フリーランスのライター「北尾トロ」さんが、自宅の近くに安アパートを借りて、そこで新しい人間関係を築こうともがいたルポ。2005年ごろの雑誌連載の記事をまとめたもので、2008年に文庫化されています。企画自体、最初から完全に破綻しているようなものなんですが、おっさんがジタバタする姿が妙に面白くて、最後まで一気に読み終わりました。
説明文:「家庭に不満はない。仕事もまあ順調である。でも、このままでいいのだろうか。男性の多くが感じるだろう漠然とした不安をぼくも抱いていた。そうだ、知らない町で、自分を見つめなおしてみよう。ぼくは、馴染みのない駅で降り、あるアパートの一室を“男の隠れ家”として借りることにした。仕事場と自宅、そして隠れ家を行き来する生活が始まった。

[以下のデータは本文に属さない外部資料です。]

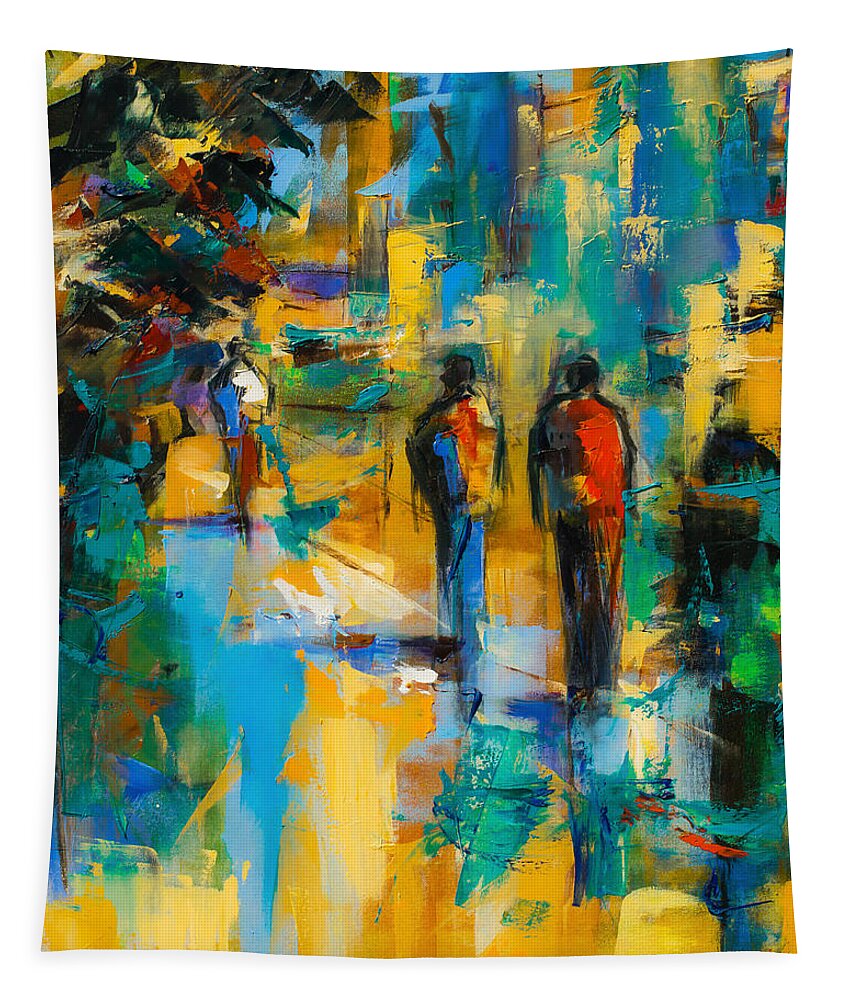 Urban Tapestry featuring the painting Walk in the City by Elise Palmigiani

笑えてしみじみ、北尾トロの真骨頂。」
この企画のキモは、「ライターが取材のためにやるのではなく、あくまでも個人としてやる」ということでしょう。後から書く原稿を面白くしようと思った途端にリアリティは失われ、ただの秘密の取材になってしまいますから、あくまでも個人として行動する必要があります。
しかし、職業を離れて、知らない町で他人と知り合いになったりするのは、よく考えてみたらとても難しいことなんですね。今であれば、まずはmixi・Twitter・FacebookなどのSNSで知り合いになって人間関係を築いていけますが、この企画ではあくまでも借りた部屋が中心のため、そんな方法も使用しません。

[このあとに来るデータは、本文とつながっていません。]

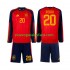 Camiseta de Fútbol España Pedri 20 Niño Casa Copa Mundial 2026 Manga Larga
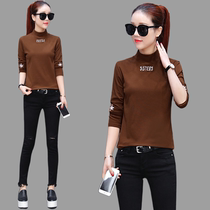 Autumn and winter new temperament to be slim and half high collar slim fit short style warm 100 hitch bottom-shirt woman long sleeve T-shirt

挨拶だけのお隣さんと仲良くなることを期待してみたり、ほとんど飲めないのに近くの飲み屋へ行ってみたりと、その町での足がかりになるような人との出会いを求めて、滑稽な努力が続けられます。
タイトルこそ「男の隠れ家を持ってみた」ですが、女性を連れ込んだりするような展開にはまったくなりません。それどころか、アパートにはテレビや布団すら無い(寝袋を使用)ような環境です。この何も無い感じが逆にいいんですね。そこで何をする訳でもなく、何が起こる訳でもないという感覚は、今となってはなかなか体験できないでしょう。

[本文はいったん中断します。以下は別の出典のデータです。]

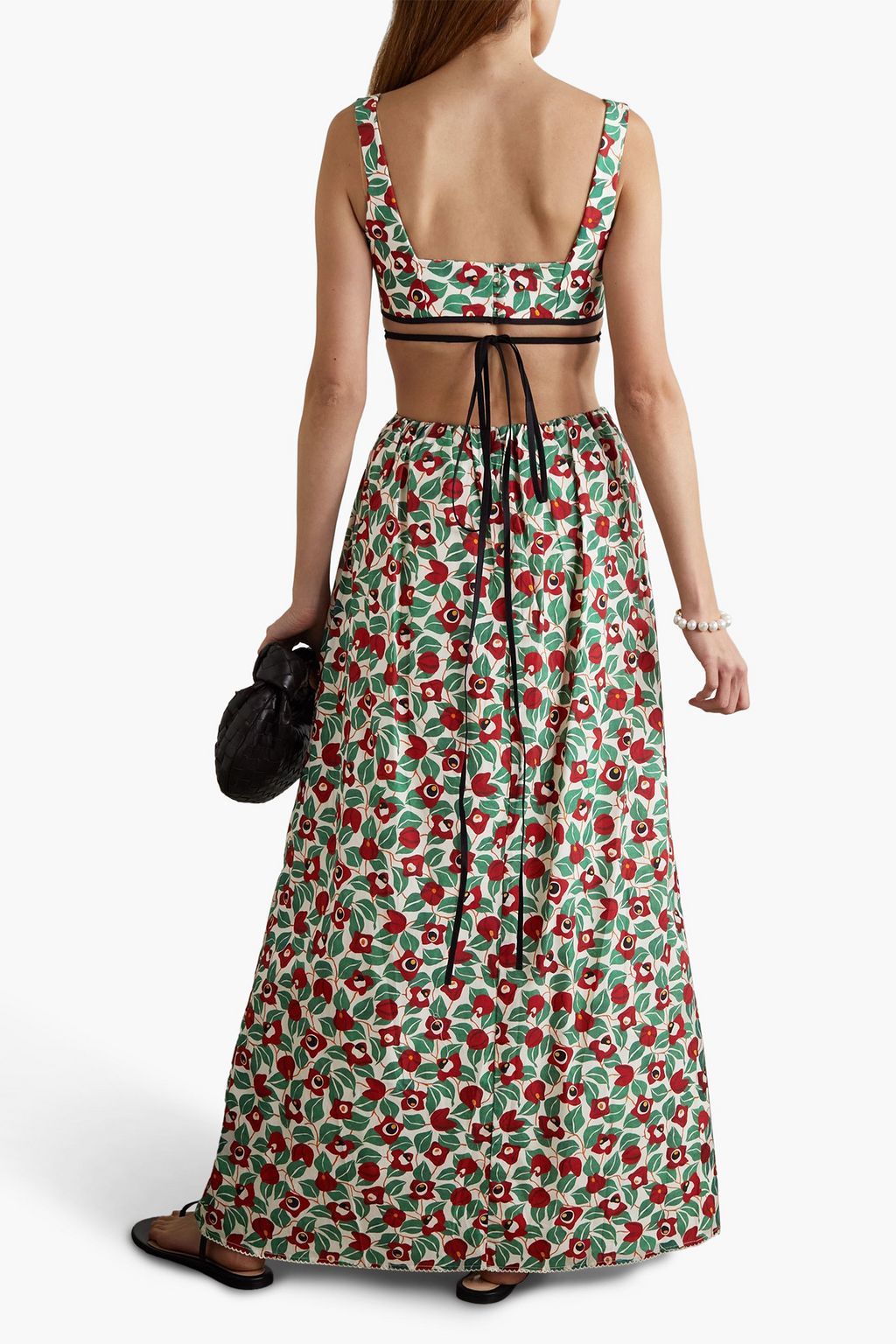 AGUA BY AGUA BENDITA Peonia cutout floral-print cotton maxi dress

この試みが少しは実を結ぶのかどうかは、本書を読んでご確認ください。なかなか不思議な読後感がありますよ。
なお、トロさんは、この後にオンライン古本屋の営業を休止して、「季刊レポ」というミニコミ誌的なものを創刊なさったり、さらには松本への移住を実現したりしています!この時の体験も少しは役立っているのかもしれませんね。